Pasearse algunos años respirando sobre esta tierra no puede tratarse de una acción vacua, pues nada que termine en la muerte es estúpido o inútil. La muerte tiene permiso y se despierta cuando se le da la gana. Las campanas de su iglesia tañen y allí vamos nosotros a misa, medio dormidos, atolondrados. Jamás le encontré algún caso a ponerle siquiera atención a ese campanario. Hay que vivir por pura curiosidad. He llegado a convencerme de que solamente es lo que tiene que ser o acontecer. El libre albedrío es una tontería que se reduce a algunos actos cotidianos; quiero decir que podemos elegir comer una manzana en vez de una sandía; uno tiene oportunidad de elegir entre matar o no matar; nada más. Pero frases como “el ser humano es libre por naturaleza”, carecen de sentido, son bobaliconas y despiertan a la mala retórica: a los chismes metafísicos. No pueden trazarse límites a lo que de todas maneras tiene que ser, y nos va a chingar, sepultar o dar un poco de felicidad. En consecuencia, existen lenguajes, arte, historietas, sufrimiento y también un dizque pasado individual.

A mí me queda bastante claro que el pasado es misterioso, un mito, una ficción que uno se inventa con el propósito de asumir que ha vivido. El futuro, en cambio, es predecible puesto que ha sucedido ya. En algún lugar de la conciencia duerme, holgazán y determinado. El futuro ha sido realizado ya en el pasado y no tenemos más que la mera obligación de seguir los reiterados pasos de baile que nos conducirán a la muerte. La muerte: ese fenómeno que le sucede a otros, pero que uno es incapaz de comprobar en carne propia, pues para ello requeriría estar vivo. El muerto no sabe que está muerto y es probable que tal sea el mayor privilegio que le ha sido vedado: los muertos ignoran su propia muerte, de lo contrario brincarían felices dentro de su tumba. O sus cenizas serían polvo de estrella enamorado, sólo por expresarlo en palabras de Francisco de Quevedo.
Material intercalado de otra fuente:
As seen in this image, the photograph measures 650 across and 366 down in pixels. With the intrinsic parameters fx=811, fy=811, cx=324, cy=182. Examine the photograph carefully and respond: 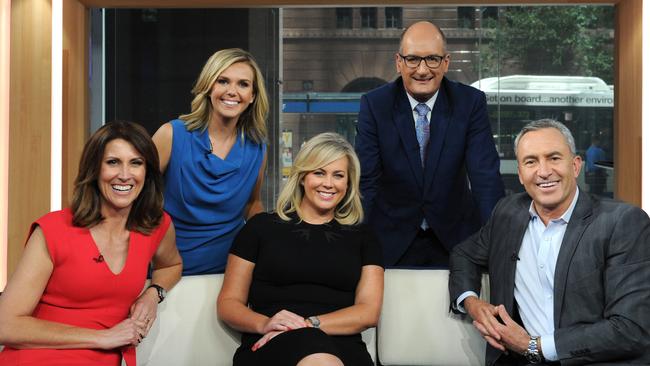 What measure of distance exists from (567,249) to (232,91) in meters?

E.M. Cioran sugirió que la humanidad no debe temer a su desaparición, sino que, más bien, tiene la absoluta obligación de desaparecer. No es una mera ocurrencia incluir nuestra eclosión o muerte en el tiempo pasado: vernos como se miraba Kafka a sí mismo: alguien que ya no está. El hombre que debería estar muerto, pero que aún respira animado por un esporádico arrebato de curiosidad, mira por la ventana y se ve a sí mismo caminando hacia una muerte que sólo es capaz de reinar en el pasado: se descubre camino a la muerte y se percata de que ha habido un tremendo descuido, un mal rollo, un disparate. ¿Dónde se encuentra él en este preciso momento? Sabe que nació muerto, de lo contrario no existiría. Husmea en sus alrededores, en los templetes edificados a partir de sus colecciones de revistas, libros subrayados, hermetismo popular y en el cúmulo de publicaciones que lo convencen de que la vida no es una palabra o un concepto, tampoco una mentira y mucho menos algo verdadero.